Salió del establecimiento con la molesta sensación de que el dependiente, para sus adentros, la había puesto en su lugar. Sin embargo, no le duró mucho. Al desembocar en la plaza sintió que no pertenecía a ninguna otra parte, que aquélla era su ciudad. Iba a cenar con Regina, en su casa, en un acto de intimidad inaudita, ya que sólo hacía tres días que trabajaba para ella. No sabía cómo calificar la relación que había empezado a establecerse entre las dos.

Había llegado a la casa tan cargada de energía, tan proyectada hacia su ídolo, que inevitablemente la vida cotidiana, tan plena de alicientes, contenía también una parte de decepción, como si su ímpetu se estrellara contra una mampara invisible. Regina era muy amable con ella, más que eso, cariñosa. Aceptaba con satisfacción sus sugerencias para agilizar el trabajo, le agradecía su rapidez, apreciaba la puntualidad con que llegaba a la casa todas las mañanas; se notaba que disfrutaba de su compañía.

Y nada más.

La comunión que buscaba, la chispa que tenía que brotar entre las dos, aquel choque entre almas gemelas del que debía nacer una relación indestructible, todo eso no se había producido. La maestra no había reconocido a su discípula. Había algo en Regina que no cuadraba con la imagen que Judit se había creado. Algo andaba torcido en el interior de la escritora, algo que la joven olfateaba pero que no sabía definir, como si la Regina Dalmau majestuosa que había fraguado reuniendo los mensajes que la mujer había enviado al exterior a lo largo de los años fuera una ilusión óptica. La mañana de Todos los Santos, Judit no quiso reconocerlo, pero ¿no había advertido en ella, mientras la seguía por el pasillo, camino de su estudio, como si un peso invisible agobiara la línea de sus hombros?

Absorta, ésa era la palabra justa.
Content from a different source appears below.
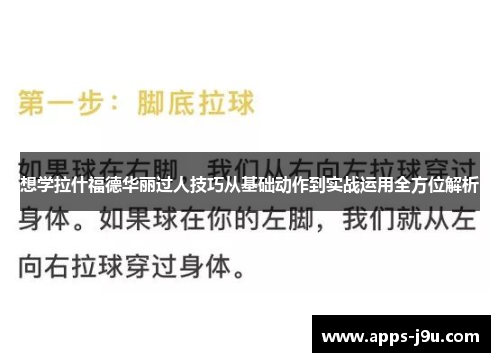 想学拉什福德华丽过人技巧从基础动作到实战运用全方位解析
Regina estaba absorta en sí misma, pendiente de algo que ocurría en su interior y que la mantenía desconcertada.

La parte buena era que Judit ya no temía por su presente y creía poder confiar en el futuro. Cualquiera que fuese su frustración por la falta de curiosidad que detectaba en Regina, su vida había cambiado por completo.

Disponía de quince minutos antes de que el mozo llevara el encargo a la casa. Ya no tenía que sentarse en un banco en la plaza: ahora podía entrar en un bar, ocupar una mesa junto a la cristalera, pedir una agua tónica y mirar afuera, si no como propietaria, al menos como una inquilina especial. Unos cuantos perros caros jugueteaban en el centro de la plaza, bajo la vigilancia de algunas chicas de servicio dominicanas. Judit se había cruzado con ellas por la mañana, cuando había salido a hacer gestiones para Regina, pero entonces cuidaban bebés sonrosados y rubios. No, no era una niña bien ni una criada, sino la secretaria de Regina Dalmau, su colaboradora. Y pronto sería su mano derecha.

Algún día se conocerían de verdad y entonces Judit podría abrir su corazón.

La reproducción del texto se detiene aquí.